Sensationalized reports, although very good at capturing public attention, are seldom balanced or objective and therefore unhelpful in providing an understanding of the risks and motivations behind risk-taking sports. Given that New Zealand currently promotes itself as an adventure destination, where risk-taking sports and activities are popular and traded commercially, it is an important and timely subject. As a mountaineer and psychiatrist I have been involved in scientific research to try to determine the rate of accidents in adventure sports. I am also interested in finding out whether people who engage in these activities have "unusual" or unique personalities, and whether there are any biological or genetic reasons to explain why people take up these sports.

In a New Zealand based study of experienced and committed mountaineers, I found that almost half of them had suffered at least one climbing related injury. Two thirds of those injured were hospitalized and 20% required more than 3 months to recover or were left with long-term health problems. Four years after starting the study there was a 10% death rate (five deaths), four due to climbing accidents. Other studies of mountaineers have found similar results. For example Murray Malcolm, from the University of Otago found that the death rate from climbing in the Mount Cook National Park was 5000 times greater than from work-related injuries. The death rates from climbing on the highest peaks in the Park where similar to those of climbers to peaks over 7000m, approximately 4%.

I also found that the personality of climbers was quite different to that of average people. Climbers scored higher in the areas of Novelty-Seeking and Self-Directedness and lower on Harm-Avoidance. What this suggests is that climbers generally enjoy exploring unfamiliar places and situations. They are easily bored, try to avoid monotony and so tend to be quick-tempered, excitable and impulsive. They enjoy new experiences and seek out thrills and adventures, even if other people think that they are a waste of time. Climbers therefore also participate in other adventure sports, such as mountain biking. When confronted with uncertainty and risk climbers tend to be confident and relaxed. Difficult situations are often seen by climbers as a challenge or an opportunity. They are less responsive to danger and this can lead to foolhardy optimism. Climbers also have good self-esteem and self-reliance and therefore tend to be high-achievers.
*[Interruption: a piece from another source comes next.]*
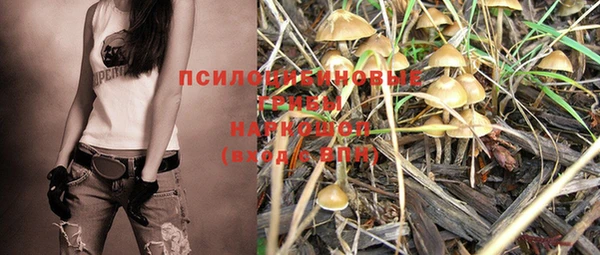 шишки Балабаново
I am completing a similar study of base jumpers and the initial results are sobering as they show that almost two-thirds have suffered at least one base-jumping accident. Almost all of those injured required hospital treatment and two-thirds needed more than 3 months to recover or were left with long-term health problems. All base jumpers estimated that they had had near-misses and all of them had friends die from the sport. Overall the personality of the base jumpers appears to be very similar to those of mountaineers. These findings are similar to those of other personality studies of risk-taking sports people, which have found high scores on the measure of Sensation Seeking (essentially the same as Novelty-Seeking). What these findings suggest is that biology and genetics play at least a moderate role in determining who will take up these sports. We know that the amount of Harm-Avoidance, Novelty-Seeking and Sensation-Seeking are inherited from our parents and are determined by the levels of a number of brain neurotransmitters, called monoamines. These monoamines (Dopamine and Serotonin) are chemicals that pass information between lower and higher brain regions.

High Novelty-Seeking and Sensation-Seeking are both associated with low levels of Dopamine and the current theory is that involvement in risk-taking activities helps to boost the levels of this brain neurotransmitter. High Harm-Avoidance, which confers a propensity to become anxious or scared in the face of risk or uncertainty is related to high levels of Serotonin. In my studies risk-taking sports people had low levels of Harm-Avoidance and this may explain why they are able to tolerate risk and uncertainty without becoming overwhelmed by fear and anxiety. In fact the low levels of Harm-Avoidance may contribute to a tendency to underestimate danger and therefore may partially account for the high rates of accidents.